The problems began almost immediately. Even though Katie and I have on occasion gone to the park and practiced our heel, you wouldn’t know it. She’s better when we do a little bit, but every day. So while we were doing the heeling in a big circle we were pretty much out of control the whole time.

Plus to add to the excitement there was a little papillon that Katie had never met before.  In fact, I don’t think she’s ever seen a dog this small!  You can go here http://www.dogbreedinfo.com/papillon.htm to see a picture of a papillon.  Whenever we got near Coco Katie would jerk at the leash and try to sniff.  She couldn’t take her eyes off of the cute little thing.  Finally, midway through the class I asked Coco’s owner if it was OK for Katie to meet Coco.  We tried to get them to meet, but Coco was barking at Katie, and Katie was bowing down barking, or backing up barking.  I think Katie thought Coco was a SQUIRREL!  Squirrel alert Mom!!  Right here in class too!!!!

Katie did OK with her stand for exam.  She moved a bit, but at least it was toward the male “judge” instead of shyly backing away.  And she stood for me when I asked her, which she doesn’t always do.  We need to work on that more, but it’s hard to find strangers who will go up to her and pet her!

Then we did sits and stays.  What a disaster!  I don’t know what was up, but Katie was done with school.  On her sit (which was only 2 minutes) she got almost to the end, watching the other dogs get up and get set back down.  Then she just stood up and began wandering around!  What’s up with THAT?!  I got her to sit again by just yelling sit from halfway across the room, and she did.  It was like “OOPS!  I forgot MOM!”  Then on to down and stay.  Well.  There isn’t even a word for the disaster this turned out to be.  She almost immediately popped up into a sit.  I went back and couldn’t get her down for the longest time.  She popped up again a bit later.  I went back and eventually got her into a down again.  The third time she popped up into a stand I went and got her and moved her out of the line.  She was too distracting to everyone.  And I know she can do this, she just couldn’t do it today.

Her recalls from across the room were both beautiful.  She loves to run, and she looks beautiful doing it.  She gets a gold star for that.
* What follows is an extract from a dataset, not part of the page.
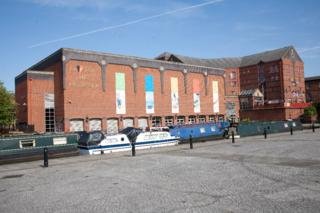 Hotel Castlefield
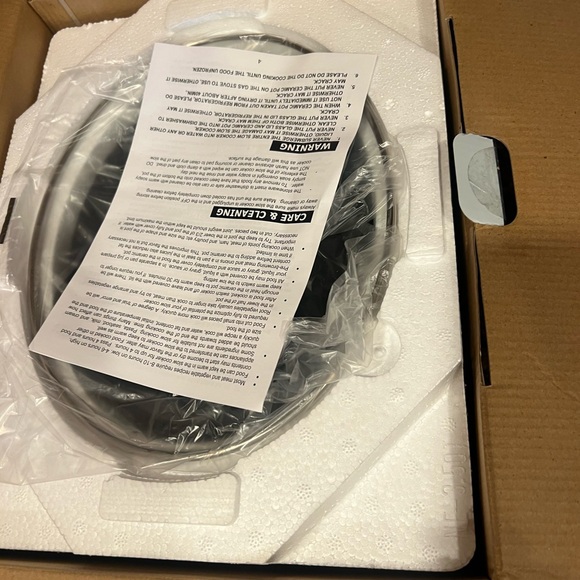 Chef’s Counter Slow Cooker - Picture 6 of 6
All in all I can’t blame her.  We just haven’t been working on this stuff enough.  She needs to be outside in the park or the yard doing each of these things every day.  I just need to make myself get her out there.  I know I won’t be able to go to any trials, as I work every weekend, and maybe that’s why I haven’t been motivated.  But it’s like training for a marathon and then not being able to run the race.  You still get the benefit from the training.  So I have to remember that Katie and I will still enjoy our relationship more if we both understand the obedience rules.  Even without being able to show them off (or not!) in a trial.

She’s sleeping now.  Of course.  Crazy dog calmed right down when we got home.